Some were desperate enough to ask if they could come back the next day, but his wife said that he had only so much energy for farewells. The tech world’s wizard of OZ in the last days of his life had already decided whom he needed most before he left.
In the last few days of his life, he invited a close friend, Dean Ornish, a preventive health advocate to join him for sushi at one of his favourite restaurants, Jin Sho in Palo Alto. Met with long time colleagues like venture capitalist John Doerr, Apple board member Bill Campbell and Chief Executive Disney, Robert A. Iger. He also spoke to his biographer Walter Isaacson. According to reports he also started a new drug regime and said he was still hopeful. However he spent most of the time with his wife and children who are now the heirs to his $6.5 billion fortune and have the responsibility of tending to the legacy of the man who revolutionised the tech world.

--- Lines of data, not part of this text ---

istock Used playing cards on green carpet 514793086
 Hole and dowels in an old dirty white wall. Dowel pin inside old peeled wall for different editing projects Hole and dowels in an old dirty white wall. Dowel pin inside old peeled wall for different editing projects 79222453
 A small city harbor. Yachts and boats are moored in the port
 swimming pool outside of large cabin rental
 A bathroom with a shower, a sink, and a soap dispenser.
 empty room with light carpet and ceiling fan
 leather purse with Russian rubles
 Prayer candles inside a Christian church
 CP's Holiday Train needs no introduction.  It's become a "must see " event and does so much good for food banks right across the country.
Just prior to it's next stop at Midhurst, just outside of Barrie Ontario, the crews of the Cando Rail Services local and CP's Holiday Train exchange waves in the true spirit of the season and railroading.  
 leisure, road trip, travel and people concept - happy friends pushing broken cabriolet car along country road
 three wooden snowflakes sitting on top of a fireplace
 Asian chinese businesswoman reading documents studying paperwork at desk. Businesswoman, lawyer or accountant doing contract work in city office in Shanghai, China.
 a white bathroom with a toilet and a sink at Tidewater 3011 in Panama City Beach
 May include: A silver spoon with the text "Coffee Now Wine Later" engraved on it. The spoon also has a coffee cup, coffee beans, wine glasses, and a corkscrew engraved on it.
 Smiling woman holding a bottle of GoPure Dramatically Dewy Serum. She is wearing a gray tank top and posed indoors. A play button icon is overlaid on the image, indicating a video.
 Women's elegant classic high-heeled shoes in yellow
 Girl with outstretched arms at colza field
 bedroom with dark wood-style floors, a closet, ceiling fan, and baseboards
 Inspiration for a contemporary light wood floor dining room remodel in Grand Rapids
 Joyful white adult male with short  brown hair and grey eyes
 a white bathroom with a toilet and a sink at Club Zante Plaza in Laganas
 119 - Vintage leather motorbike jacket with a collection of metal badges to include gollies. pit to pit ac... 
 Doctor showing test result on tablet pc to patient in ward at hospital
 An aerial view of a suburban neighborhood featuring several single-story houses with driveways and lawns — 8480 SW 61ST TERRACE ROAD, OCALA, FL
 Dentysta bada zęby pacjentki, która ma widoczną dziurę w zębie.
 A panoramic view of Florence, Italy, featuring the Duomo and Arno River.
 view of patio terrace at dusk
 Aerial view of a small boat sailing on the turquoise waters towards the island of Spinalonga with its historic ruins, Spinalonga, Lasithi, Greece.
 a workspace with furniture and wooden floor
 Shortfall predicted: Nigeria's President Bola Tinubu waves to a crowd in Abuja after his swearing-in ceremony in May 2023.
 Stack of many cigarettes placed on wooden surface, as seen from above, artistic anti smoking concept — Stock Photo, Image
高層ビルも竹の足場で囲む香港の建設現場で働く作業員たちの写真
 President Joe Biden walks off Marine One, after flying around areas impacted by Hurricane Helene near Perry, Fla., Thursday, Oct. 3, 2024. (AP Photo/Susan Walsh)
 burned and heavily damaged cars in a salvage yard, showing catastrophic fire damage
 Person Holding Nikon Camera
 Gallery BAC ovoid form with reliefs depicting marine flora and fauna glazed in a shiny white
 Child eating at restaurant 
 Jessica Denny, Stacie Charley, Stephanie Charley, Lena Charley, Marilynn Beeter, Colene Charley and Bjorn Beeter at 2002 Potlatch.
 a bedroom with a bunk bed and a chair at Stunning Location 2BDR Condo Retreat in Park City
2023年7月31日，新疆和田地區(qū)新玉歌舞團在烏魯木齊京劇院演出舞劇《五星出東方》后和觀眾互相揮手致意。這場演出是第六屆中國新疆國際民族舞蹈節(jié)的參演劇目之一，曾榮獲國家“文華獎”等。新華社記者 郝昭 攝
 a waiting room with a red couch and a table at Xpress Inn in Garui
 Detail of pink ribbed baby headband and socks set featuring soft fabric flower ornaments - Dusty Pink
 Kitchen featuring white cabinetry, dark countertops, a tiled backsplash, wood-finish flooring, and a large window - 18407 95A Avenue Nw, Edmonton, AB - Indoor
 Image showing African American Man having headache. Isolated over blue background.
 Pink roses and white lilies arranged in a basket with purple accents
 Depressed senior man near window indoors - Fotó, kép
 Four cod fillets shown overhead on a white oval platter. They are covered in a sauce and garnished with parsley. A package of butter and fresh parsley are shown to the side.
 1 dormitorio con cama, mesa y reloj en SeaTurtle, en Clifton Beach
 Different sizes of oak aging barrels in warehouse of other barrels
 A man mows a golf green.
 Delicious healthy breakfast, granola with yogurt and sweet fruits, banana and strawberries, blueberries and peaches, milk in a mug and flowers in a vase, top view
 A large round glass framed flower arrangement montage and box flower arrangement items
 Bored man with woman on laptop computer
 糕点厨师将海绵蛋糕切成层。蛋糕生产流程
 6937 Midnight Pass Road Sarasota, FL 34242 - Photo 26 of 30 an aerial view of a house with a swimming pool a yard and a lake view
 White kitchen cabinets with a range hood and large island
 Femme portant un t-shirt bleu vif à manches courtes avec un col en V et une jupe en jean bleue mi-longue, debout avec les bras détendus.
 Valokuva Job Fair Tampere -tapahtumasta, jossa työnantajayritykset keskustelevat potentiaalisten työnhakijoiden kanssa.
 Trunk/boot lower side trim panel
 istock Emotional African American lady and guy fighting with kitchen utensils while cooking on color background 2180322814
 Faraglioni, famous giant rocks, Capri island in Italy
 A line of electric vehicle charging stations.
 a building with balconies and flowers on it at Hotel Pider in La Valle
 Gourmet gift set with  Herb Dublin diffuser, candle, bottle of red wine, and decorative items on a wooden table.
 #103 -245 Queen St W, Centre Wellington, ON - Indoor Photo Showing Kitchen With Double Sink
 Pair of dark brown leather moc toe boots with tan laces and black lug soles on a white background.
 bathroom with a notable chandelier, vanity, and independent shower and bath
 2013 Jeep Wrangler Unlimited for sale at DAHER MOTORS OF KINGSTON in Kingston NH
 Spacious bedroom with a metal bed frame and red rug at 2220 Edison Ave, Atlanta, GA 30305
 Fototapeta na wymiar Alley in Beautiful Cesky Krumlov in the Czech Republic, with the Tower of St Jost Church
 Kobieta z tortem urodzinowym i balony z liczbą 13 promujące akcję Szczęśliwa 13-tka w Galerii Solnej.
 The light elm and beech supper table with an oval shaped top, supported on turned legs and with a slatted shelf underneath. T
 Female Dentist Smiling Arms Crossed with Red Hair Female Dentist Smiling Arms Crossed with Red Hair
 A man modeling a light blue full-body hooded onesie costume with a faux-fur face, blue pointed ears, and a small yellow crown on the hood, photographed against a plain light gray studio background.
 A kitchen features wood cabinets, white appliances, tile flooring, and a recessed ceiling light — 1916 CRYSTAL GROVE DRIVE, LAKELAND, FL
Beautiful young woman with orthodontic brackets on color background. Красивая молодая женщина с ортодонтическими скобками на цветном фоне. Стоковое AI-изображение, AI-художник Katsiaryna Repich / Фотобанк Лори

“Once you’re gone, you belong to the world,” said one acquaintance as people write eulogies in the memory of Steve Jobs from all across the globe. Millions across the world were saddened to hear the demise of the greatest revolutionary the world has ever seen. Most importantly Steve Jobs like the apple logo, gave millions of people not only a product, but a bite of his ingenuity, personalised to serve their needs. No other company or product can boast this single achievement of being able to attribute their products to the creativity of a single man. Abandoned by his mother and having dropped out of college since his foster parents could not afford an education, Jobs embarked on a road to self discovery, a road of following his heart, wherever it led him, and his journey is by far the most successful in the history of journeys. There are very few people who could single handedly transform the lives of millions of people. If you know anyone who was born in the early 1900’s you would realise that his life began with horse carts and perhaps ended with man landing on the moon. If analysed with the advances of the last few decades it will be understood that there has been a stagnation of such technological advances. A term understood by people as the ‘innovation slow down’. According to a very intriguing analysis of the same argument, there has been a ‘loss of utopian élan’. The romanticism of delusion was at the heart of technological breakthroughs in the 20th century. Individuals imagined completely utopian worlds and presented them in a way that allowed the vagaries of the human mind to flutter as they pleased.
While these were in essence delusions but they were inspiring delusions, they opened parallel worlds and allowed the human mind a capacity to think beyond the realm of pragmatism. Such utopianism is almost non existent at present, and Steve Jobs can be singularly attributed to be the wizard that transformed such delusions into reality.